#### Work to be completed
What follows is a set of entries. Give them again exactly, without the pictures.

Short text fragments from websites
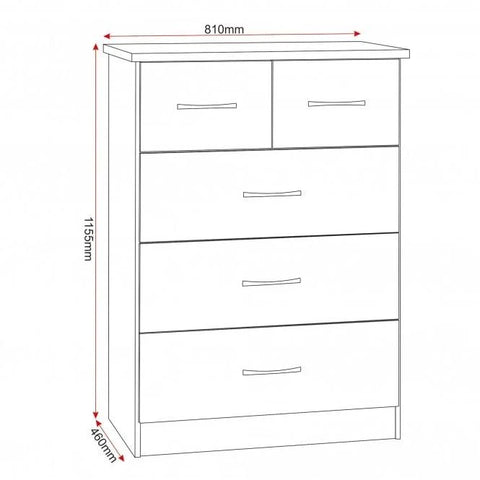 Seconique Nevada 3+2 Drawer Chest - Rustic Oak Effect
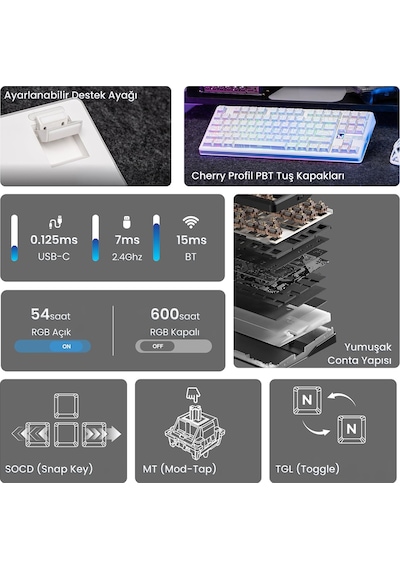 Aula F87 Pro V2 Mekanik Rgb Tkl Star Vector Switch Kablosuz Makrolu Hot Swap Klavye Desenli Beyaz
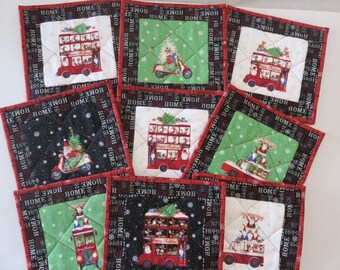 Quilted Christmas Trivet, Quilted Double Decker Christmas Pot Holders, 9.75 by 10.25 Inches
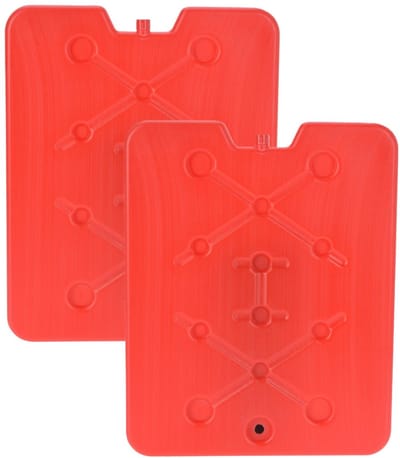 Excellent Houseware Koelelement Ice Pack - 2x - rood - plat - polyethyleen - 900 gram - 32 x 25 x 1 cm - schijf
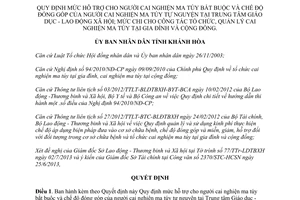 Quyết định 1893/QĐ-UBND 2013 mức hỗ trợ cho người cai nghiện ma túy bắt buộc Khánh Hòa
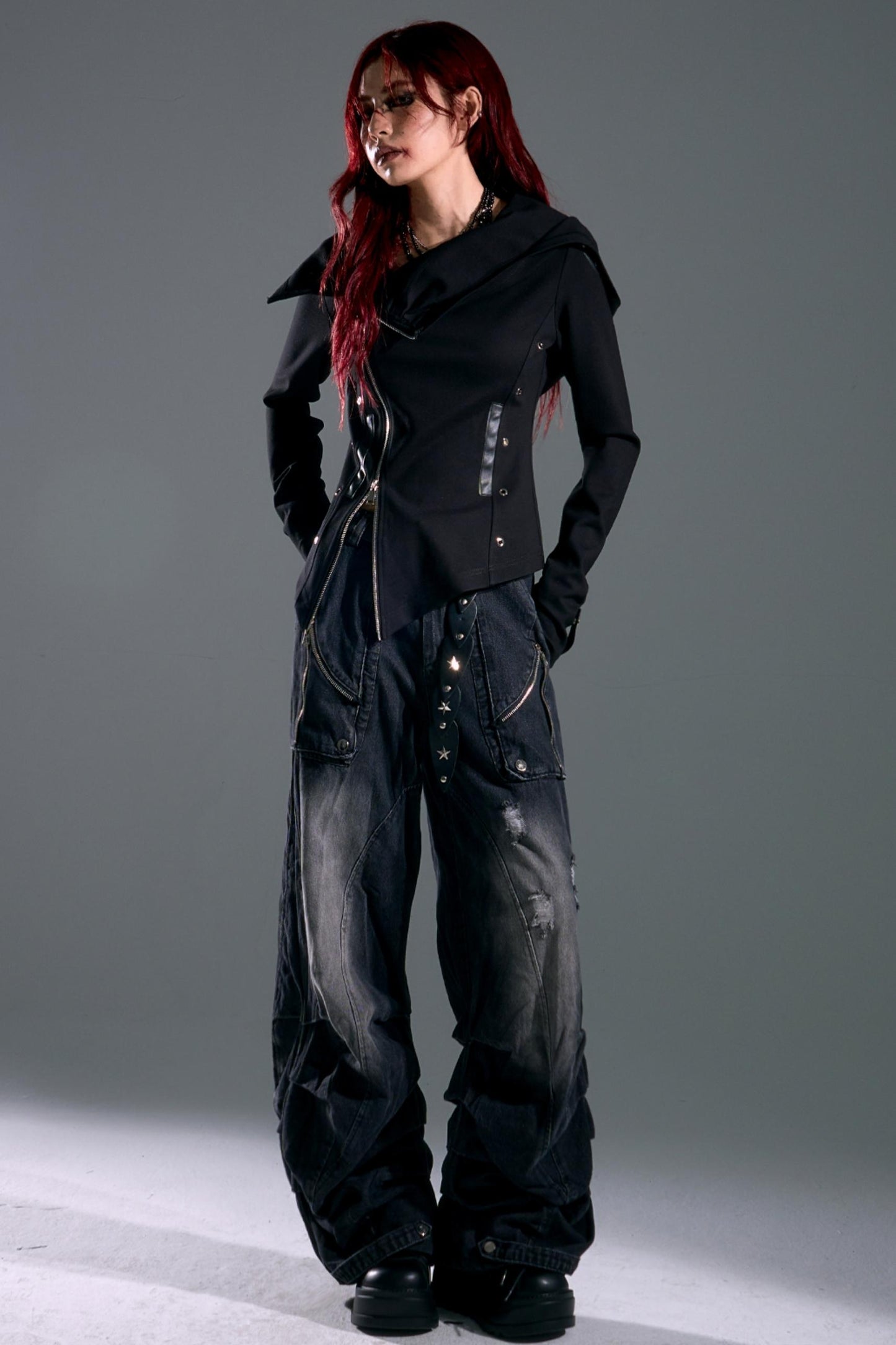 Hooded Asymmetrical Zip Knit Top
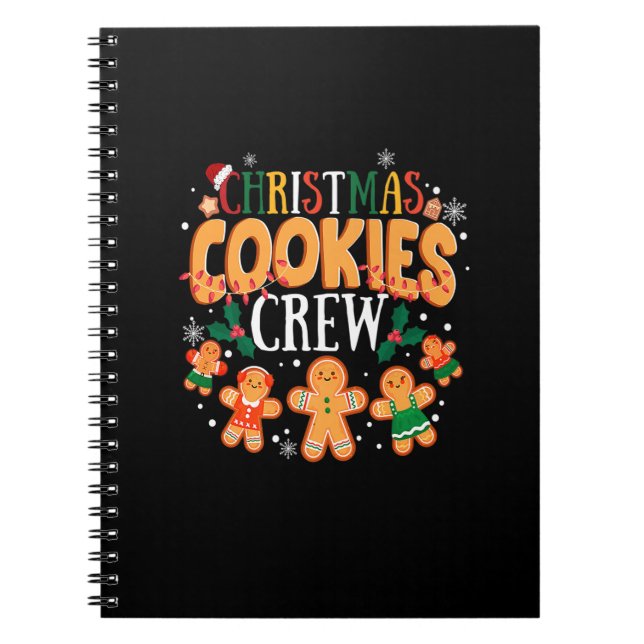 Christmas Cookie Crew Shirt Gingerbread Family Mat Notebook (Front)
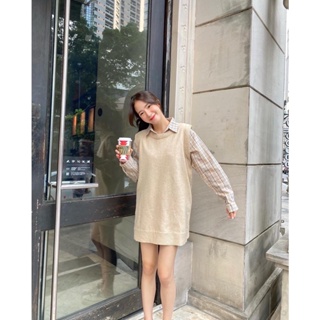 สินค้า chuuchop_พร้อมส่ง✨☃️🎄☕️Coffee shirt&Latte dress เสื้อเชิ้ตแขนยาวและเดรสไหมพรมสีน้ำตาลเบจ(C7927)(C7928)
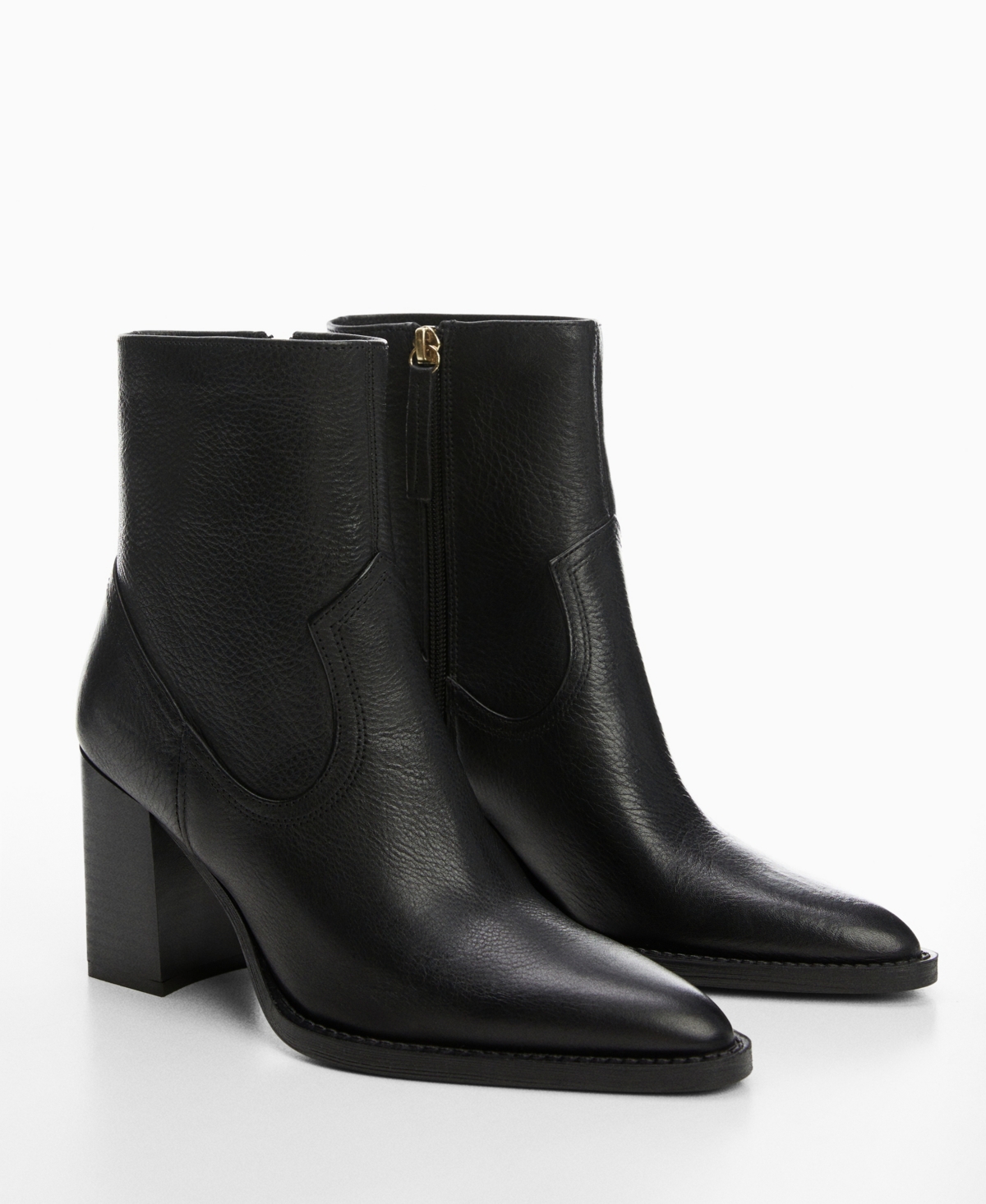 Shop Mango Women's Leather Ankle Boots Block Heels In Black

#### Answer for the task
 Seconique Nevada 3+2 Drawer Chest - Rustic Oak Effect
 Aula F87 Pro V2 Mekanik Rgb Tkl Star Vector Switch Kablosuz Makrolu Hot Swap Klavye Desenli Beyaz
 Quilted Christmas Trivet, Quilted Double Decker Christmas Pot Holders, 9.75 by 10.25 Inches
 Excellent Houseware Koelelement Ice Pack - 2x - rood - plat - polyethyleen - 900 gram - 32 x 25 x 1 cm - schijf
 Quyết định 1893/QĐ-UBND 2013 mức hỗ trợ cho người cai nghiện ma túy bắt buộc Khánh Hòa
 Hooded Asymmetrical Zip Knit Top
 Christmas Cookie Crew Shirt Gingerbread Family Mat Notebook (Front)
 สินค้า chuuchop_พร้อมส่ง✨☃️🎄☕️Coffee shirt&Latte dress เสื้อเชิ้ตแขนยาวและเดรสไหมพรมสีน้ำตาลเบจ(C7927)(C7928)
 Shop Mango Women's Leather Ankle Boots Block Heels In Black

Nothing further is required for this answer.